Each line below from the line with "小阪由佳/アイドルワン 小阪由佳「Dear(ディアー)」 Amazon.co.jp: 小阪由佳ファースト写真集「願い」" to the line with "(на липучках) 03174" must be copied exactly, including those two, and no picture may appear in the copy.

• _Exercise data_
################

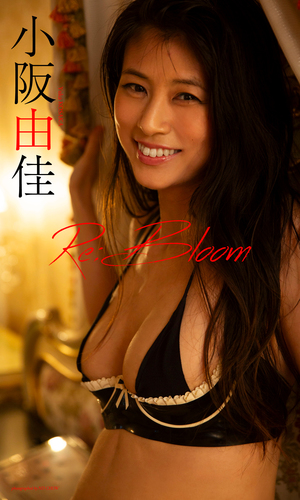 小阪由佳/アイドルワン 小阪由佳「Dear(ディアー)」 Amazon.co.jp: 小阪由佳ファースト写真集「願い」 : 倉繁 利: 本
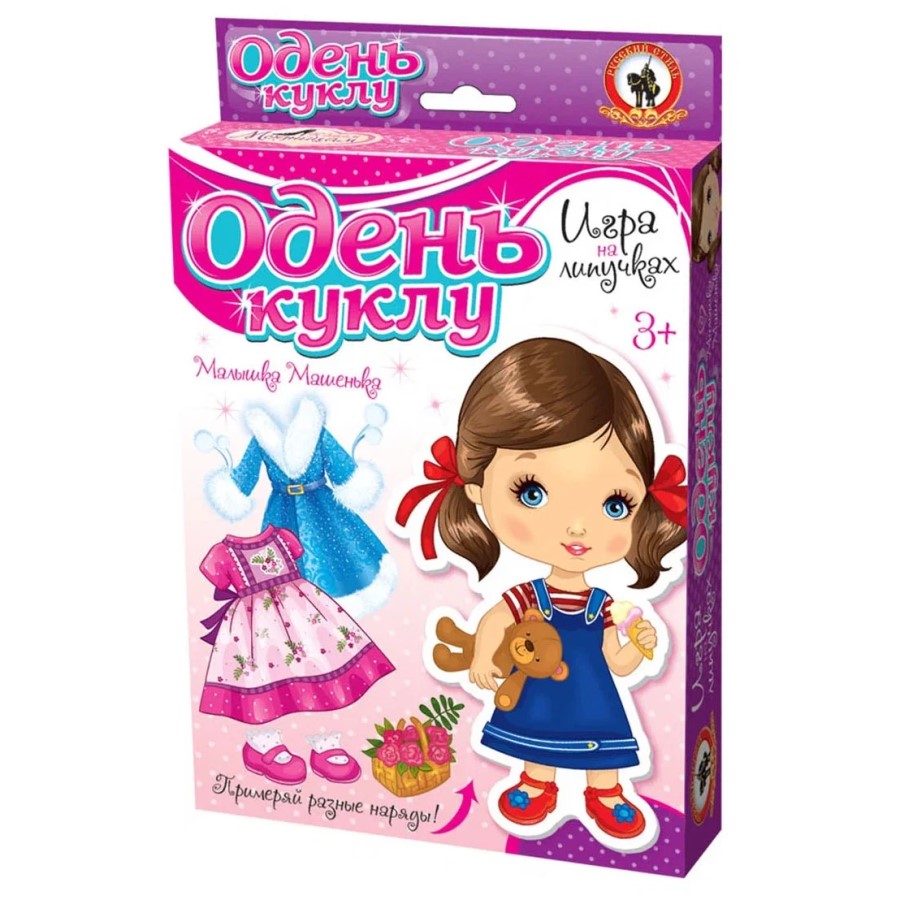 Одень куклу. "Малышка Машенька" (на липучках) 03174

################

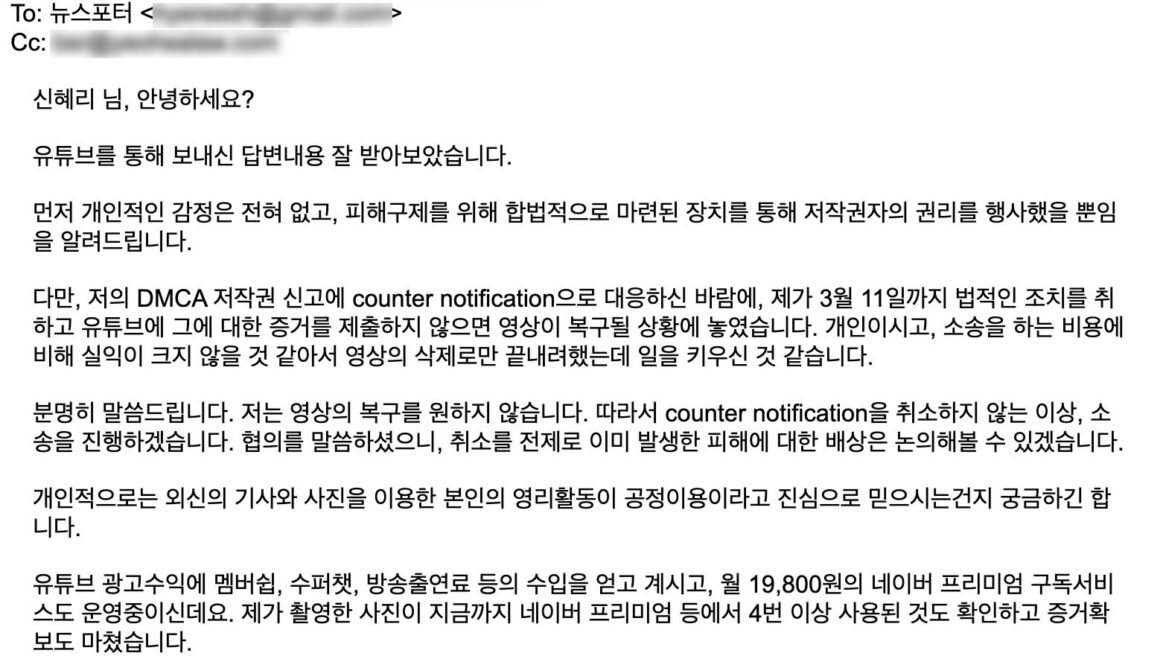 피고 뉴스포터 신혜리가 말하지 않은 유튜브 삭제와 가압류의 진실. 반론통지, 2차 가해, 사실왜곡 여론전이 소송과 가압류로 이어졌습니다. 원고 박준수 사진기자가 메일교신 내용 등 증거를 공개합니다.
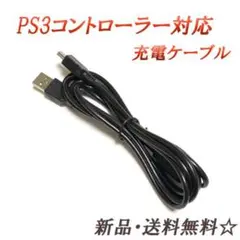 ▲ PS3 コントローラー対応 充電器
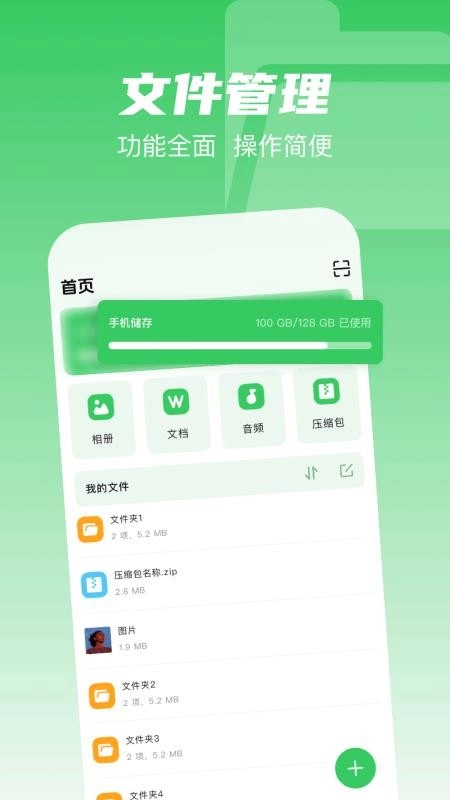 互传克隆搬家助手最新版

################

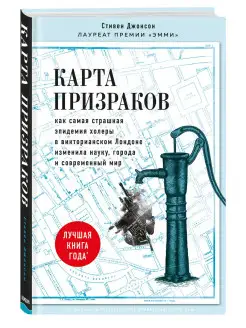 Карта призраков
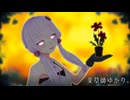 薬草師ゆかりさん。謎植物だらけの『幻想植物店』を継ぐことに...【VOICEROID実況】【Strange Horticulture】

################

• _Exercise answer_
 小阪由佳/アイドルワン 小阪由佳「Dear(ディアー)」 Amazon.co.jp: 小阪由佳ファースト写真集「願い」 : 倉繁 利: 本
 Одень куклу. "Малышка Машенька" (на липучках) 03174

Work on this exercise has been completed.